As part of its effort, the government will survey educational systems in other countries to see how they are being developed.
Deputy Education Minister Surachet Chaiwong said the seminar was organized to plan the integration of education management and development, especially in the South, where schools have suffered during the past 10-plus years of separatist strife.
The government also is worried about not having enough skilled laborers to make the EEC a success. The Eastern Economic Corridor project aims to move Thai manufacturing into higher-tech and higher-revenue sectors but currently the country’s schools are incapable of training people for those occupations.
Prayut said the government’s educational strategy is based on the “sufficiency economy” philosophy of HM the late King, By getting youths to think in those terms, he argued, they will develop a “thinker’s behavior” for life and will have the skills to stand on their own two feet.

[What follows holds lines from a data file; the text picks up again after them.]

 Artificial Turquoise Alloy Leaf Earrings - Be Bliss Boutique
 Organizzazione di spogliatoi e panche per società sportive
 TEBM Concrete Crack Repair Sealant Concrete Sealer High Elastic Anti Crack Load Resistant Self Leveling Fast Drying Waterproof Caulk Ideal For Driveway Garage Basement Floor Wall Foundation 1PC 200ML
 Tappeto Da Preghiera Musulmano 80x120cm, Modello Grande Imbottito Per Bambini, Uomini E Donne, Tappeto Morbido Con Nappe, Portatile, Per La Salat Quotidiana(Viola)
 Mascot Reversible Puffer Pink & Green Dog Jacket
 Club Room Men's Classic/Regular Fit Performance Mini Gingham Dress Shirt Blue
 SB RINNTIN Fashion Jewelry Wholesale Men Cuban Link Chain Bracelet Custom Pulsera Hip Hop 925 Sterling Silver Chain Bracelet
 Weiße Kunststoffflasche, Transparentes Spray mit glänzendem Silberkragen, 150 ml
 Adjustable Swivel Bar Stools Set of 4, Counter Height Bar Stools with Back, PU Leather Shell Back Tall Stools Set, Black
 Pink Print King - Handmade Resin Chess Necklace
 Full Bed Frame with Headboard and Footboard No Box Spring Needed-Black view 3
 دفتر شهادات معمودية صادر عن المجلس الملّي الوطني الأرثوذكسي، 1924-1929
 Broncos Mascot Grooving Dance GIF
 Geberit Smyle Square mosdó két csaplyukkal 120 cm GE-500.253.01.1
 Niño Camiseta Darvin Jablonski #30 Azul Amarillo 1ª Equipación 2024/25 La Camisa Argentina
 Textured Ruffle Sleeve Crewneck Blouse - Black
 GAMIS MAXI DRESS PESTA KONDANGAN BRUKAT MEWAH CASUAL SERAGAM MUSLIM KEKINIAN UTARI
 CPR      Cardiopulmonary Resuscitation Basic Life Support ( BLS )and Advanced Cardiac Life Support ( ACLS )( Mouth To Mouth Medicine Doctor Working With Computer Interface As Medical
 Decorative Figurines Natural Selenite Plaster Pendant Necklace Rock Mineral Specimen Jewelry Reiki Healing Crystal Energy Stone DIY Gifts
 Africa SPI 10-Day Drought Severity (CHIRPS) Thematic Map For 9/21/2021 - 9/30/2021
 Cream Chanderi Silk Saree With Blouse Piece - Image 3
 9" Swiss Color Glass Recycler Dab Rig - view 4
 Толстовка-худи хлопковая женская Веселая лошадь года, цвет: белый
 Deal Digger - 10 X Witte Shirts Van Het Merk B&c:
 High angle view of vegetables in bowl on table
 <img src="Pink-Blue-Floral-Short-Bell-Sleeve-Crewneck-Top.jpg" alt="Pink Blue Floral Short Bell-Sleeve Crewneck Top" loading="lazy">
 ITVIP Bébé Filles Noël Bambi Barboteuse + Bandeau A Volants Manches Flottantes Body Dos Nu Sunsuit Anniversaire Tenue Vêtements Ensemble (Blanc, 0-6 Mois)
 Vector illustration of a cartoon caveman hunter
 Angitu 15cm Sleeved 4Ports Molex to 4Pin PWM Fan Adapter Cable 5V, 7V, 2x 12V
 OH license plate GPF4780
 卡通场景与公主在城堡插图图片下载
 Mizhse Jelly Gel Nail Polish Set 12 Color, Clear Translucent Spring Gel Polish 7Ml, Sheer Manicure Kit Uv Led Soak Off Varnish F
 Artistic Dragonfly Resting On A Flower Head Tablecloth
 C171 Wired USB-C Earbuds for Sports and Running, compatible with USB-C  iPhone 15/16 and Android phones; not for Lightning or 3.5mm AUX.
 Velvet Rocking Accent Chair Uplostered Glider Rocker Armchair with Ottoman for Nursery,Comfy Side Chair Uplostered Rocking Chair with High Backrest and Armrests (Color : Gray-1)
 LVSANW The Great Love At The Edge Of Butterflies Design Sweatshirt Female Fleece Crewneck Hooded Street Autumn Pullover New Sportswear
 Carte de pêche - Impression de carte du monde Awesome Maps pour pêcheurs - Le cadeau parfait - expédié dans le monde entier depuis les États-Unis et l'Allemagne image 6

Students must be taught to be reasonable, careful and focus on non-formal education, he added, which will help to reduce education inequality in society. Youths must learn important things in their communities and develop their neighborhoods.
Prayut said sustainable development in education is part of the UNESCO’s international campaign reflecting a vision for the world that everyone gains from learning the value of behavior and necessary ways of living for a sustainable future.